## TASK ITEM
Beneath this instruction is a block of data; output from it exactly the lines that run from the one containing "Boros Elite" through the one containing "Форма предназначена для", inclusive.
DATASET RECORDS Block Start
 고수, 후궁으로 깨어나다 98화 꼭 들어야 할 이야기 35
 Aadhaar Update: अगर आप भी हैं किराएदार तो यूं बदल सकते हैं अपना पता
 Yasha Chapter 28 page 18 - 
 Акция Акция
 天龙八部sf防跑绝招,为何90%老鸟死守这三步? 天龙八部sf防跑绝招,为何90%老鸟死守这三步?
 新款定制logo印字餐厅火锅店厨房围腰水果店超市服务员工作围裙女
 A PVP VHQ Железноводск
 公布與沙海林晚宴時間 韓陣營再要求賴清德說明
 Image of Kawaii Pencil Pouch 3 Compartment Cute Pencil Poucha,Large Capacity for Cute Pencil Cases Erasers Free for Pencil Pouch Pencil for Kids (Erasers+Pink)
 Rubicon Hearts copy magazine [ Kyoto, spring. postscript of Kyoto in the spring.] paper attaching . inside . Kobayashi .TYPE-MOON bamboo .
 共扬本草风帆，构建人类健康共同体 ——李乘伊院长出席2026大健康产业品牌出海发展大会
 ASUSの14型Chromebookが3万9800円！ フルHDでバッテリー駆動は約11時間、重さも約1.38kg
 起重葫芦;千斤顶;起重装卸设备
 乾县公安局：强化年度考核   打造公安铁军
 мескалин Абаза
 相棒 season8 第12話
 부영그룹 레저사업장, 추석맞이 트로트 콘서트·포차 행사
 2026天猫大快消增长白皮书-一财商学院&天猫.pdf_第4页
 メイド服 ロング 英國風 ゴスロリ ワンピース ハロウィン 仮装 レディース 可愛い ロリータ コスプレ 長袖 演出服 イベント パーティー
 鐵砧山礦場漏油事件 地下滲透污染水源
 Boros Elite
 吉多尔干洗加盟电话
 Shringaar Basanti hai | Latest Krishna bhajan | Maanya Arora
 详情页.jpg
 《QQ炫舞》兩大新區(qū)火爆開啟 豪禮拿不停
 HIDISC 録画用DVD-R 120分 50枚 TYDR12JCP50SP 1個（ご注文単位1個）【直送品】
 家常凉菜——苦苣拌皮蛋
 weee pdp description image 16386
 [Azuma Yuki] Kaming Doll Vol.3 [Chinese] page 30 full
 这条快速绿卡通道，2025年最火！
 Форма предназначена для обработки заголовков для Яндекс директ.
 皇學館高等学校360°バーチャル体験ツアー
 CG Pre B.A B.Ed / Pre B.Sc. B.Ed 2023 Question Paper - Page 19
DATASET RECORDS Block End
## EXPECTED OUTPUT
 Boros Elite
 吉多尔干洗加盟电话
 Shringaar Basanti hai | Latest Krishna bhajan | Maanya Arora
 详情页.jpg
 《QQ炫舞》兩大新區(qū)火爆開啟 豪禮拿不停
 HIDISC 録画用DVD-R 120分 50枚 TYDR12JCP50SP 1個（ご注文単位1個）【直送品】
 家常凉菜——苦苣拌皮蛋
 weee pdp description image 16386
 [Azuma Yuki] Kaming Doll Vol.3 [Chinese] page 30 full
 这条快速绿卡通道，2025年最火！
 Форма предназначена для обработки заголовков для Яндекс директ.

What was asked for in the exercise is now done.